Pourtant, le flamant rouge pourrait réinvestir le territoire que ces ancêtre côtoyaient par le passé grâce à l'intérêt et à la motivation de Jérémy Delolme. Titulaire d'un master II en écologie et éthologie, il travaille sur la faisabilité d'un programme de réintroduction du flamand rouge. Et certaines de ses analyses laissent entendre que ce projet n'est pas insensé. Jérémy Delolme a décelé la présence nombreuse d'artémies (Artemia sp.) et de larves de mouches des saumures (Ephydra sp.) dans la Grande Saline de la pointe des châteaux, un des lieux de présence historiques de l'espèce. Il s'agit de proies de prédilection pour les flamants, permettant de pérenniser leur présence. Les zones humides de cette pointe rocheuse offrent donc des conditions d'accueil idéales selon Jérémy Delolme.

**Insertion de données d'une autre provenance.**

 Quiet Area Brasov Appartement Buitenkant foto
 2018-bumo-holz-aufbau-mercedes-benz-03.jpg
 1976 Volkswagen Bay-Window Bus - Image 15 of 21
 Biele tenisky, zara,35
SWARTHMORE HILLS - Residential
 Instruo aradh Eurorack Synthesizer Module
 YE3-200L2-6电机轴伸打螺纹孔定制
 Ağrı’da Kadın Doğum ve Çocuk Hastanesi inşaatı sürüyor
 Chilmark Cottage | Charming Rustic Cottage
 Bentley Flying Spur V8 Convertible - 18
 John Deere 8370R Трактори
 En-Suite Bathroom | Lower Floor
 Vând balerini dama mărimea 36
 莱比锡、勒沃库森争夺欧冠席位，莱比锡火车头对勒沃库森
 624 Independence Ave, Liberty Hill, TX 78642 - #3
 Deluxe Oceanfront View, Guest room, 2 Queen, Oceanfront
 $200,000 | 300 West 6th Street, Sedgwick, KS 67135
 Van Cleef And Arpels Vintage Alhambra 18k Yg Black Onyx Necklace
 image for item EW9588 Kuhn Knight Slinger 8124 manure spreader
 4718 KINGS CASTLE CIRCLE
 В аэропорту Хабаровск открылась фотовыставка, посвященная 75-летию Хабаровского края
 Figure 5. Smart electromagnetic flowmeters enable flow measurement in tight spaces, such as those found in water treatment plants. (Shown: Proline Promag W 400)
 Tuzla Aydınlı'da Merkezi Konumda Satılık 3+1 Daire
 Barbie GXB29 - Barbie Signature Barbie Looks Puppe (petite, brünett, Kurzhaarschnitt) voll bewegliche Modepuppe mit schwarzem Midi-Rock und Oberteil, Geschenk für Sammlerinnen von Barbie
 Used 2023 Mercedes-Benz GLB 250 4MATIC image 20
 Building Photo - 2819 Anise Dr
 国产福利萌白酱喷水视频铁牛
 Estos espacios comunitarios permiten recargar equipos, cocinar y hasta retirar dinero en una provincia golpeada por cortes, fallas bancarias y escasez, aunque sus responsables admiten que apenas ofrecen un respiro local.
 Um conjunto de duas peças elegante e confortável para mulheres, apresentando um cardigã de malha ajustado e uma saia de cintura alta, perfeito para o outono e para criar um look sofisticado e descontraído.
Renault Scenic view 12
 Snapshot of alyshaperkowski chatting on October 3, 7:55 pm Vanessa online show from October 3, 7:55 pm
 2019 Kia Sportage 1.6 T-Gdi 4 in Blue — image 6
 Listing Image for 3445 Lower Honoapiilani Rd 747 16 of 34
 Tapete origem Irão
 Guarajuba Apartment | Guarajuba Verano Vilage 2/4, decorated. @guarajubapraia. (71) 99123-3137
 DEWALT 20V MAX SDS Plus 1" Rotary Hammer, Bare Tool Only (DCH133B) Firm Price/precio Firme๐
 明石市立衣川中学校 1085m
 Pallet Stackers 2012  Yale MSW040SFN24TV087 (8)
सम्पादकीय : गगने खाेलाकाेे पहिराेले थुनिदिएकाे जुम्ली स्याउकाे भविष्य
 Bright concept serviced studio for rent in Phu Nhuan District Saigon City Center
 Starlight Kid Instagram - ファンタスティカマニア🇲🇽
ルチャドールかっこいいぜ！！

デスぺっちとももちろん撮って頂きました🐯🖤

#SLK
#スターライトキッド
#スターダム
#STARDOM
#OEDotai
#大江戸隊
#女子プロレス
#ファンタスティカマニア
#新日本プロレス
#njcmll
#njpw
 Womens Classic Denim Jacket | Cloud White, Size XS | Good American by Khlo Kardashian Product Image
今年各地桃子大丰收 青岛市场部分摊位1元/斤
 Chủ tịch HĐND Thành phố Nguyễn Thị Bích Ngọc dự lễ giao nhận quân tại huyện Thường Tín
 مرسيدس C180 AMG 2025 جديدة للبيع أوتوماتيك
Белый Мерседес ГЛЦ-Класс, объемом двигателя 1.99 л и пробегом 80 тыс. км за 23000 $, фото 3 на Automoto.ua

La Grande Saline est le principal site ciblé pour la réintroduction de l'espèce.
Mais la pointe des châteaux figure également comme une zone de très forte attraction touristique, parmi les plus importantes de l'archipel guadeloupéen : des questions de fréquentation anarchique des espaces naturels, de manque d'informations de sensibilisation ou de dérangement ont été considérées par Jérémy Delolme, qui pointe les limites de la protection réglementaire du site en faveur de la biodiversité, jugée inefficace. Des réflexions sont en cours afin de définir l'outil réglementaire le plus adapté.

L'espace caribéen a déjà connu des programmes de réintroduction de flamants rouges par le passé. Engagé dès 1992 sur l'île d'Anegada, au nord-est des Îles Vierges britanniques, un projet de réintroduction a permis de passer de 18 individus à plus de 250 en 2013. Un véritable succès qui a tenu compte de la sociabilité de l'espèce.
La future population de flamants "saint-franciscaines" ne devrait pas compter autant d'individus en raison de la taille limitée du site de la Grande Saline. Jérémy Delolme précise qu'une cinquantaine d'individus peut être attendue. Ainsi, les zones humides des Salines de la pointe des Châteaux pourraient voir débarquer prochainement leur nouvel ambassadeur, bien plus "spectaculaire" aux yeux du grand public que des petits limicoles encore inconnus à la population mais pourtant toujours bien présents !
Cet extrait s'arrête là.